-- MATERIAL PROVIDED follows --

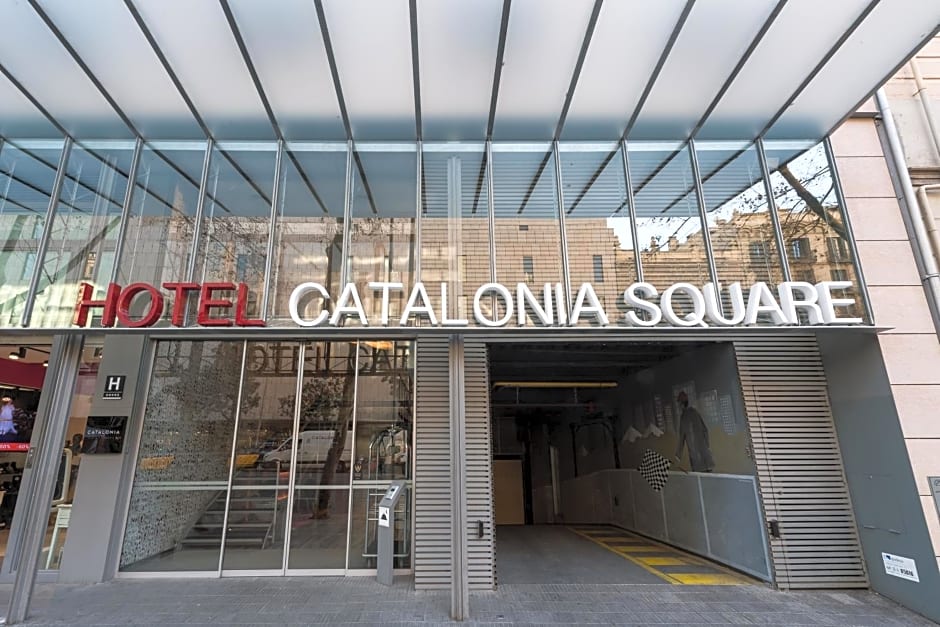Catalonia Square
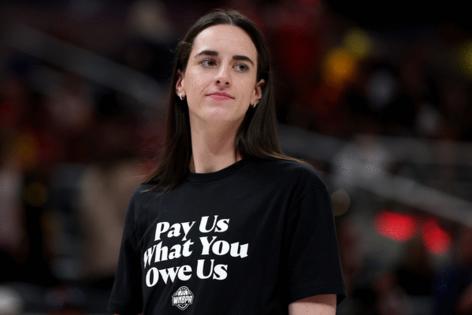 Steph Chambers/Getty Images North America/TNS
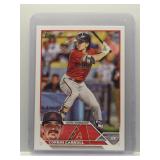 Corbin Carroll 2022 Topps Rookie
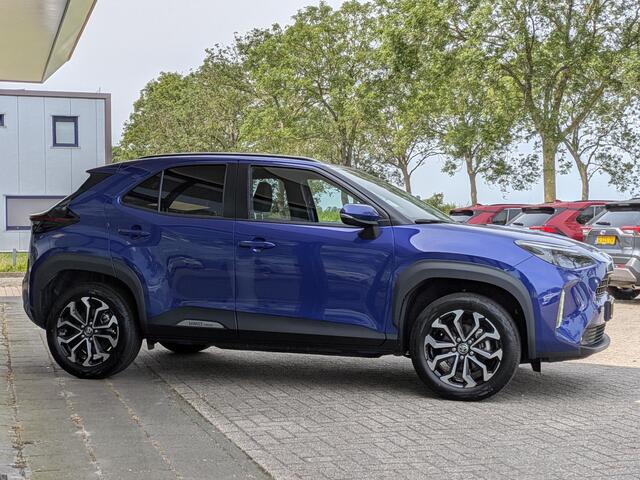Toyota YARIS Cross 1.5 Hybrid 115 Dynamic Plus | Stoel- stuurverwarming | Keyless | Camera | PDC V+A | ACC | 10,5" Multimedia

-- MATERIAL PROVIDED concluded --
-- MATERIAL PROVIDED follows --

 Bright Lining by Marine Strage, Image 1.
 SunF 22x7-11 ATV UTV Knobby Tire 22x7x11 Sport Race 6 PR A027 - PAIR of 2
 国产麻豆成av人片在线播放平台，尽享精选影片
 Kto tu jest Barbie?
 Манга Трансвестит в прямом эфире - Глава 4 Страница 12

-- MATERIAL PROVIDED concluded --

TASK STATEMENT: There is a line with "国产麻豆成av人片在线播放平台，尽享精选影片" and a line with "Манга Трансвестит в" above. Copy exactly those two lines and all lines between them, with nothing else.

RESULT OF THE EXERCISE:
 国产麻豆成av人片在线播放平台，尽享精选影片
 Kto tu jest Barbie?
 Манга Трансвестит в прямом эфире - Глава 4 Страница 12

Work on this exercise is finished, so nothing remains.